AI Model Operations and Metadata Management Service

ModelBox is an AI model and experiment metadata management service. It can integrate with ML frameworks and other services to log and mine metadata, events and metrics related to Experiments, Models and Checkpoints.

It integrates with various datastores and blob stores for metadata, metrics and artifact stores. The service is very extensible, interfaces can be extended to support more storage services and metadata can be exported and watched by other systems to help with compliance, access control, auditing and deployment of models.

Features

Experiment Metadata and Metrics Logging

Log hyperparameters, accuracy/loss and other model quality-related metrics during training.
Log trainer events such as data-loading and checkpoint operations, epoch start and end times which help with debugging performance issues.

Model Management

Log metadata associated with a model such as binaries, notebooks and model metrics.
Manage lineage of models with experiments and datasets used to train the model.
Label models with metadata that are useful for operational purposes such as the environments they are deployed in and privacy sensitivity.
Load models and deployment artifacts in inference services directly from ModelBox.

Events

Log events about the system/trainer state during training and models from experiment jobs, workflow systems and other AI/Model operations services.
Any changes made to experiment and model metadata, new models logged or deployed are logged as change events in the system automatically. Stream these events from other systems for any external workflows which need to be invoked.

SDK

SDKs in Python, Go, Rust and C++ to integrate with ML frameworks and inference services.
SDK is built on top of gRPC so really easy to extend into other languages or add features not available.
Use the SDK in training code or from even notebooks.

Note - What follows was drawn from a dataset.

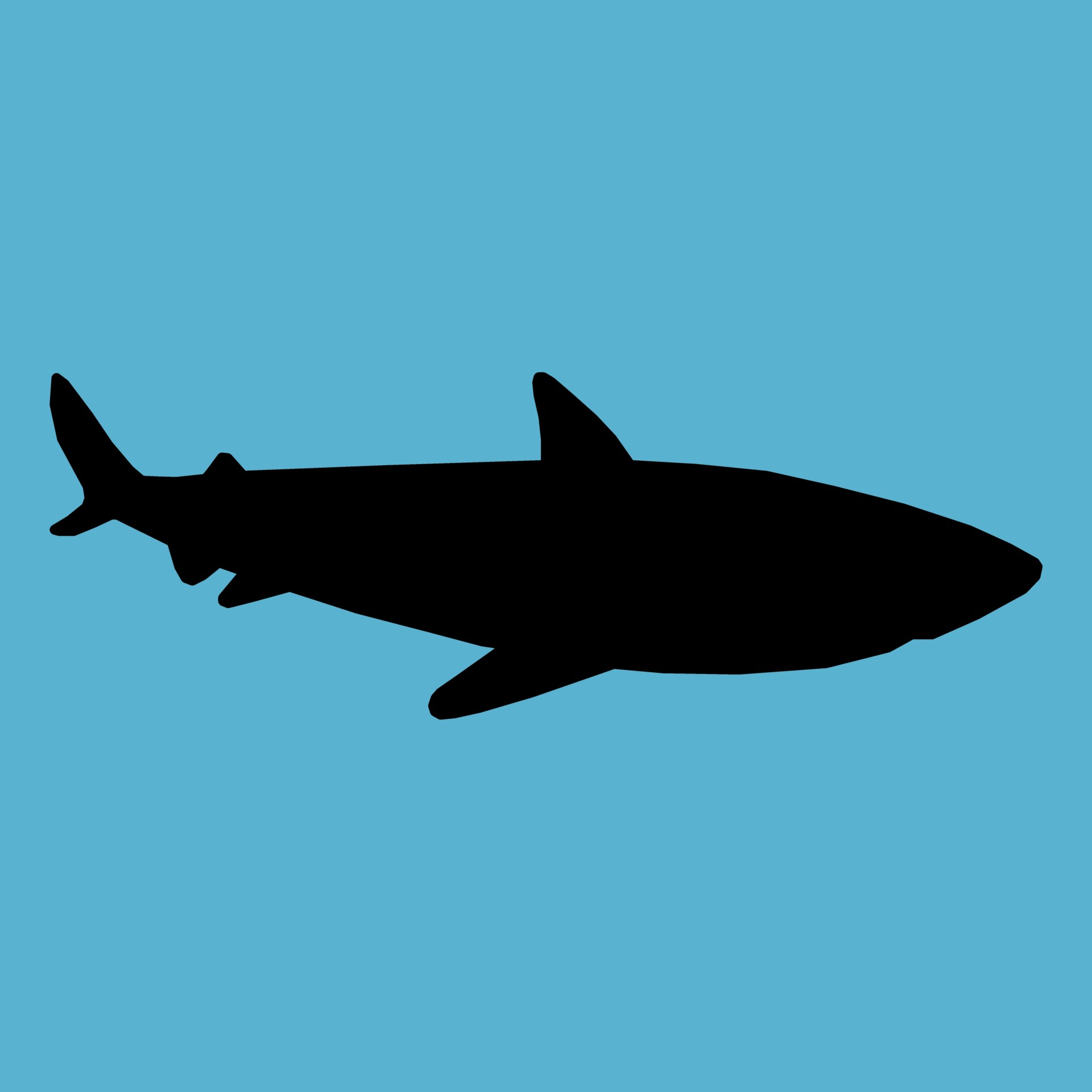Shark Silhouette Free Stock Photo - Public Domain Pictures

Reliable and Easy to Use Control Plane

Reliability and availability are at the center of the design mission for ModelBox. Features and APIs are designed with reliability in mind. For example, the artifact store implements a streaming API for uploading and downloading artifacts to ensure memory usage is controlled while serving really large files.
Operational metrics related to the control plane are available as Prometheus metrics.

Extensibility

The interfaces for metadata, metrics and artifact storage can be extended to support more storage services.

Planned Features

Flexible metadata and model retention policies.
Add RBAC-based access control for models and checkpoints for compliance.
Automatic model benchmarking for performance(latency and throughput) on inference targets.
Infrastructure for model transformation such that custom recipes can be applied to train models for optimizations for on-device or accelerator inference targets.

Tutorials and Demos

If you would like to jump straight in, we have some notebooks which demonstrate the usage of the Python SDK independently and with Pytorch and Pytorch Lightning.

Concepts and Understanding of ModelBox API

Namespace

A Namespace is a mechanism to organize related models or models published by a team. They are also used for access control and such to the metadata of uploaded models, invoking benchmarks or other model transformation work. Namespaces are automatically created when a new model or experiment specifies the namespace it wants to be associated with.

Model

A model is an object to track common metadata and to apply policies on models created by experiments to solve a machine learning task. For example, datasets to evaluate all trained models of a task can be tracked using this object. Users can also add rules around retention policies of trained versions, setting up policies for labeling a trained model if it has better metrics on a dataset, and meets all other criteria.

Model Version

A model version is a trained model, it includes the model binary, related files that a user wants to track such as dataset file handles, any other metadata and model metrics. Model versions are always related to a Model and all the policies created for a Model are applied to Model Versions.

Experiment and Checkpoints

Experiments are the abstraction to store metadata and events from training jobs that produce models. Checkpoints from experiments can be automatically ingested and can be a means to get fault-tolerant training using the Python SDK. Users of PyTorch Lightning can also use the included lightning logger for automatically logging experiment metadata and training artifacts. Some examples of metadata logged from an experiment are hyperparameters, structure and shape of the models, training accuracy, loss and other related metrics, hardware metrics of the trainer nodes, checkpoint binaries and training code with dependencies.

Metrics

Metrics can be logged for experiments and models. Metrics are key, value pairs, the value being a series of float, tensor(serialized as strings), or even bytes that are logged over time. Every metric log can have a step and wallclock attribute associated with them which makes them useful in tracking things like accuracy during training or hardware metrics. Model Metrics can be expressed as simple key/value pairs.

Artifacts

Artifacts such as datasets and trained models or checkpoints can be either uploaded to ModelBox or if they are stored externally they can be tracked as metadata attached to experiments and models objects.

Discrete Events

Events are generated by external systems running the training experiments, inference engines consuming the Models, or even other ML Operations services consuming the models or metadata to benchmark or deploy a model. Events are useful for debugging or operability of models or training platforms.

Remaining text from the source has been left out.